Inside myself is a place where I live all alone and that is where I renew my springs that never dry up.
It is part of our pedagogy to teach the operations of thinking, feeling, and willing so that they may be made conscious. For if we do not know the difference between an emotion and a thought, we will know very little. We need to understand the components (of emotions) at work... in order to free their hold.
It is, I fear, but a vain show of fulfilling the heathen precept, Know thyself, and too often leads to a self-estimate which will subsist in the absence of that fruit by which alone the quality of the tree is made evident.
It's not only the most difficult thing to know one's self, but the most inconvenient.
Know they thyself, presume not God to scan. The proper study of mankind is man.
Know thyself. Nothing in excess. The Self is required to balance the Self.
Many a man who has known himself at ten forgets himself utterly between ten and thirty.
Nay, be a Columbus to whole new continents and worlds within you, opening new channels, not of trade, but of thought. Every man is the lord of a realm beside which the earthly empire of the Czar is but a petty state, a hummock left by the ice.
Only as you do know yourself can your brain serve you as a sharp and efficient tool. Know your failings, passions, and prejudices so you can separate them from what you see. Know also when you actually have thought through to the nature of the thing with which you are dealing and when you are not thinking at all.

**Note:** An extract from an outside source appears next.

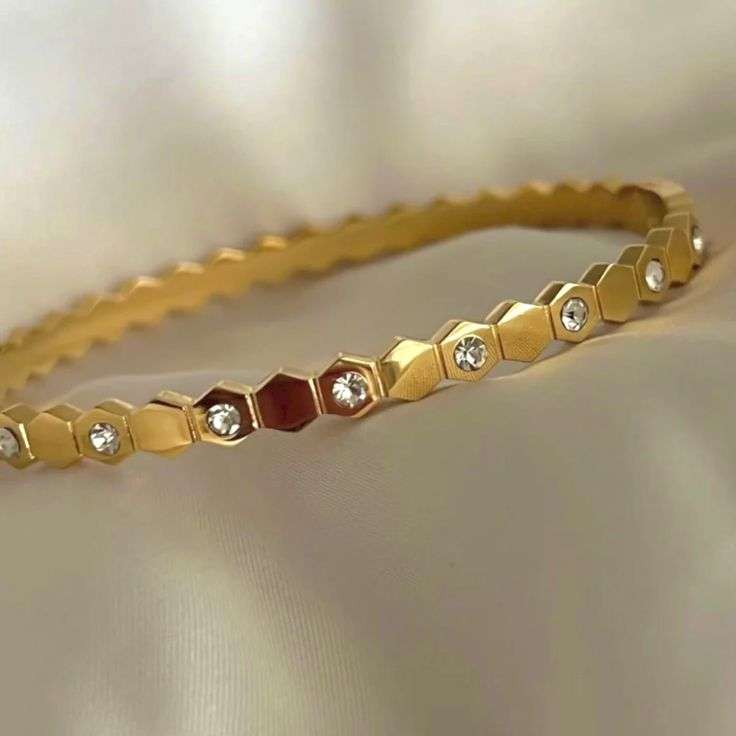 Golden Glow Crystal Bracelet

Other men's sins are before our eyes; our own are behind our backs.
Self knowers always dwell in El Dorado; they drink from the fountain of youth, and at all times owners of all they wish to enjoy.
The conqueror and king in each one of us is the knower of truth. Let the knower awaken in us and drive the horses of the mind, emotions, and physical body on the pathway which that king has chosen.
The most excellent and divine counsel, the best and most profitable advertisement of all others, but the least practiced, is to study and learn how to know ourselves. This is the foundation of wisdom and the highway to whatever is good. God, Nature, the wise, the world, preach man, exhort him both by word and deed to the study of himself.
The self-explorer, whether he wants to or not, becomes the explorer of everything else. He learns to see himself, but suddenly, provided he was honest, all the rest appears, and it is as rich as he was, and, as a final crowning, richer.
There are three things extremely hard: steel, a diamond, and to know one's self.
There is a period of life when we swallow knowledge of ourselves and it becomes either good or sour inside.
To grow wiser means to learn to know better and better the faults to which this instrument with which we feel and judge can be subject.
To know oneself, one should assert oneself. Psychology is action, not thinking about oneself. We continue to shape our personality all our life. If we knew ourselves perfectly, we should die.
To know yourself you have only to set down a true statement of those that ever loved or hated you.
To know yourself, see how others do, to know others look into your own heart.
To learn to get along without, to realize that what the world is going to demand of us may be a good deal more important than what we are entitled to demand of it -- this is a hard lesson.
Trust not yourself, but your defects to know, make use of every friend and every foe.
We can only learn to know ourselves and do what we can -- namely, surrender our will and fulfill God's will in us.
We forge gradually our greatest instrument for understanding the world -- introspection. We discover that humanity may resemble us very considerably -- that the best way of knowing the inwardness of our neighbors is to know ourselves.
Without self knowledge, without understanding the working and functions of his machine, man cannot be free, he cannot govern himself and he will always remain a slave.
You can live a lifetime and at the end, know more about other people than you know about yourself.